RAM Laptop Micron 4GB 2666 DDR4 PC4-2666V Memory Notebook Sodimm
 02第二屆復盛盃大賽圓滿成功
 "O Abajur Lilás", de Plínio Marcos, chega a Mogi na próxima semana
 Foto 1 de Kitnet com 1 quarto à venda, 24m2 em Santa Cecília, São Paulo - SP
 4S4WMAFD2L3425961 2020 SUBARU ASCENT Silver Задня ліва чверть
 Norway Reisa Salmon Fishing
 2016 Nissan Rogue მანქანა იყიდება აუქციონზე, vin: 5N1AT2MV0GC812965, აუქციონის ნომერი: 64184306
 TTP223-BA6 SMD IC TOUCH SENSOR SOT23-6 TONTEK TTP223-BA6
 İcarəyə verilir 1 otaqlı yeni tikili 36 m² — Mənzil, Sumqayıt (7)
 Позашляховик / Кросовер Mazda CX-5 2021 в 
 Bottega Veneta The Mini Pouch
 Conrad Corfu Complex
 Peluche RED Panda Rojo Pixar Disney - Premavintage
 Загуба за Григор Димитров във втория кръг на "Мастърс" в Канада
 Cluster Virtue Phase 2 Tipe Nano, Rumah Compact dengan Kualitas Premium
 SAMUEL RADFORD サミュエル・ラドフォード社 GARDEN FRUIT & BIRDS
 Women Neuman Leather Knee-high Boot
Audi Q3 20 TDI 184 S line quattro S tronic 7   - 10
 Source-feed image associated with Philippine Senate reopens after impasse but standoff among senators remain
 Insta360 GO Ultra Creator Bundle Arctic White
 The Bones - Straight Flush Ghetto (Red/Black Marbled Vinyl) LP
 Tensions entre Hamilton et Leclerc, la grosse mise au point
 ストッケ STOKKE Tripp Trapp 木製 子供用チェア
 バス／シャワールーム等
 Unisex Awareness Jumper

++++++

Reproduce the material exactly, from the first line to the last.

RAM Laptop Micron 4GB 2666 DDR4 PC4-2666V Memory Notebook Sodimm
 02第二屆復盛盃大賽圓滿成功
 "O Abajur Lilás", de Plínio Marcos, chega a Mogi na próxima semana
 Foto 1 de Kitnet com 1 quarto à venda, 24m2 em Santa Cecília, São Paulo - SP
 4S4WMAFD2L3425961 2020 SUBARU ASCENT Silver Задня ліва чверть
 Norway Reisa Salmon Fishing
 2016 Nissan Rogue მანქანა იყიდება აუქციონზე, vin: 5N1AT2MV0GC812965, აუქციონის ნომერი: 64184306
 TTP223-BA6 SMD IC TOUCH SENSOR SOT23-6 TONTEK TTP223-BA6
 İcarəyə verilir 1 otaqlı yeni tikili 36 m² — Mənzil, Sumqayıt (7)
 Позашляховик / Кросовер Mazda CX-5 2021 в 
 Bottega Veneta The Mini Pouch
 Conrad Corfu Complex
 Peluche RED Panda Rojo Pixar Disney - Premavintage
 Загуба за Григор Димитров във втория кръг на "Мастърс" в Канада
 Cluster Virtue Phase 2 Tipe Nano, Rumah Compact dengan Kualitas Premium
 SAMUEL RADFORD サミュエル・ラドフォード社 GARDEN FRUIT & BIRDS
 Women Neuman Leather Knee-high Boot
Audi Q3 20 TDI 184 S line quattro S tronic 7   - 10
 Source-feed image associated with Philippine Senate reopens after impasse but standoff among senators remain
 Insta360 GO Ultra Creator Bundle Arctic White
 The Bones - Straight Flush Ghetto (Red/Black Marbled Vinyl) LP
 Tensions entre Hamilton et Leclerc, la grosse mise au point
 ストッケ STOKKE Tripp Trapp 木製 子供用チェア
 バス／シャワールーム等
 Unisex Awareness Jumper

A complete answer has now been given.